BACKGROUND & AIMS: Pro-inflammatory polymorphisms within the genes interleukin (IL)-1B and IL-1RN are associated with risk for gastric carcinoma (GC) in Helicobacter pylori-infected individuals. We aimed to determine the association between variation of the tumor necrosis factor (TNF)-alpha gene and the risk for chronic atrophic gastritis (CAG) and GC. We also investigated the extent to which the combined effect of proinflammatory genetic polymorphisms (IL-1B, IL-1RN, and TNF-alpha), and the combined effect of TNF-alpha and bacterial genotypes each influence such a risk.
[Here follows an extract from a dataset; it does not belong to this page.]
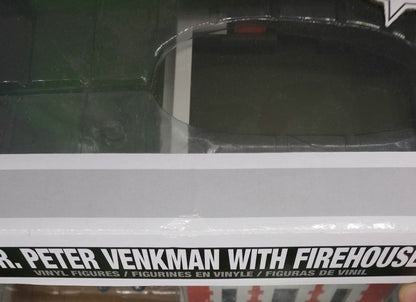 03 Dr. Peter Venkman with Firehouse Ghostbusters Box Damaged Funko POP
METHODS: In a case-control study including 306 controls, 221 individuals with chronic gastritis, and 287 GC patients, the TNF-alpha-308 and IL-1B-511 bi-allelic polymorphisms, the IL-1RN variable number of tandem repeats (VNTR), and the H. pylori genes vacA (s and m regions) and cagA were genotyped. RESULTS: We found that carriers of the TNF-alpha-308*A allele are at increased risk for GC development with an odds ratio (OR) of 1.9 (95% confidence interval [CI], 1.3-2.7). For both CAG and GC, the odds of developing disease increased with the number of high-risk genotypes. Individuals carrying high-risk genotypes at the 3 loci are at increased risk for CAG and GC with an OR of 5.8 (95% CI, 1.1-31.0) and 9.7 (95% CI, 2.6-36.0), respectively. The risk for GC was not affected significantly by the combination of bacterial and TNF-alpha-308 genotypes. CONCLUSIONS: These findings show that a proinflammatory polymorphism in the TNF-alpha gene is associated with increased risk for GC, and that it is possible to define a specific genetic profile associated with highest risk for CAG and GC.